StAURstamm02.jpg (32940 Byte) Ausschnitt aus dem Urner Stammbuch der Familie Josef Gisler und der Katharina Arnold (1. Frau) mit der Familiennummer 63. Die Verweisnummer 19 h gibt die Familiennummer des Vaters von Josef (19) sowie die Kindesfolge (h; achtes Kind) an. Dort sind auch die Eltern von Ehefrau Katharina Arnold aufgeführt. Mit Hilfe dieser Angabe und dem Ehedatum (13. Januar 1681) sind beim Geschlecht Arnold wiederum die Urahnen dieser weiblichen Linie ausfindig zu machen.
Daneben besteht auch das Problem der Überlieferung. Führt eine Linie ausserhalb des Landes Uri oder der Talschaft Ursern, dann lässt sie das Stammbuch Uri abbrechen. Es sind dann -- sofern vorhanden -- andere Quellen zu Hilfe zu nehmen. Auch wenn allein durch diese beiden Faktoren eine stattliche Zahl der theoretischen Urahnen wegfallen, bleibt doch noch ein stolzer Rest, um herauszufinden, wohin die Wurzeln der Abstammung überall hinführen.

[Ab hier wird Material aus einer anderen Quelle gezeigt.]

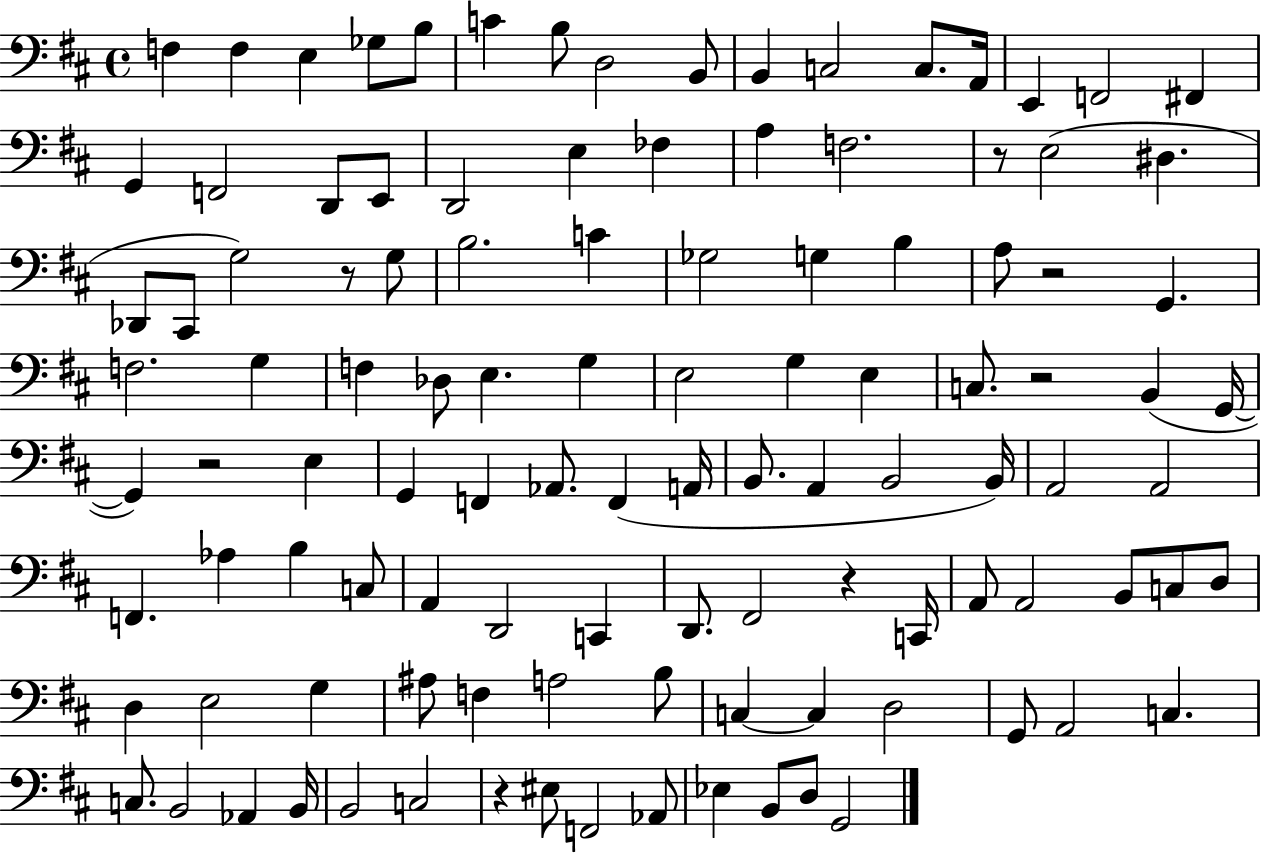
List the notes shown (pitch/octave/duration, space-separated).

F3/q F3/q E3/q Gb3/e B3/e C4/q B3/e D3/h B2/e B2/q C3/h C3/e. A2/s E2/q F2/h F#2/q G2/q F2/h D2/e E2/e D2/h E3/q FES3/q A3/q F3/h. R/e E3/h D#3/q. Db2/e C#2/e G3/h R/e G3/e B3/h. C4/q Gb3/h G3/q B3/q A3/e R/h G2/q. F3/h. G3/q F3/q Db3/e E3/q. G3/q E3/h G3/q E3/q C3/e. R/h B2/q G2/s G2/q R/h E3/q G2/q F2/q Ab2/e. F2/q A2/s B2/e. A2/q B2/h B2/s A2/h A2/h F2/q. Ab3/q B3/q C3/e A2/q D2/h C2/q D2/e. F#2/h R/q C2/s A2/e A2/h B2/e C3/e D3/e D3/q E3/h G3/q A#3/e F3/q A3/h B3/e C3/q C3/q D3/h G2/e A2/h C3/q. C3/e. B2/h Ab2/q B2/s B2/h C3/h R/q EIS3/e F2/h Ab2/e Eb3/q B2/e D3/e G2/h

Der umgekehrte Weg führt zu den Nachfahren- oder Enkeltafeln. Sie zeigen die unmittelbaren Nachkommen (Deszendenten) eines Probanden auf.
Die beliebteste und häufigste Ahnentafel ist der Stammbaum. Er enthält nur die Nachkommen einer Person, die den gleichen Familiennamen tragen. Ein ausgeschmückter Stammbaum kann ein wunderschönes, heraldisches Werk darstellen. Er zeigt allerdings meistens nur einen Bruchteil der Abstammung, denn all die Linien der Ehefrauen und deren Vorfahren werden nicht aufgezeigt.
Wer die Arbeit überhaupt nicht scheut, kann sich an die Verwandschaft- oder Sippschafttafeln heranwagen. Sie entstehen aus der Vereinigung von Vorfahren- und Nachfahrentafeln und enthalten alle Blutsverwandten einer Person.
Ist das Forschungsziel festgelegt, vertieft man sich ins Stammbuch, beziehungsweise betrachtet die Mikrofilm-Kopien. Das Stammbuch ist alphabetisch nach Familiennamen geordnet. Innerhalb eines Namens folgen die Familien nach der chronologischen Reihenfolge der Eheschliessungen. Massgebend für den Eintrag ist der Familienname des Ehemannes. Nebst der Familiennummer enthält der Eintrag auch den Familiennamen der Ehefrau. Die Kinder sind mit der Angabe des Vornamens, des Geburtsdatums sowie des Ehedatums aufgeführt. Eingetragen sind zudem der Vorname und Name des Ehepartners sowie dessen Eltern. Eine Verweisnummer gibt schliesslich die Familiennummer und Kindesfolge der Familie des Ehemannes an. Die jeweils männliche Linie der Vorfahren lässt sich somit relativ schnell herausfinden. Länger dauert es bei den Linien mütterlicherseits. Mit den oben erwähnten Angaben muss die entsprechende Familiennummer des Vaters der Ehefrau ausfindig gemacht werden. Dann beginnt das ganze Spiel wiederum von vorne.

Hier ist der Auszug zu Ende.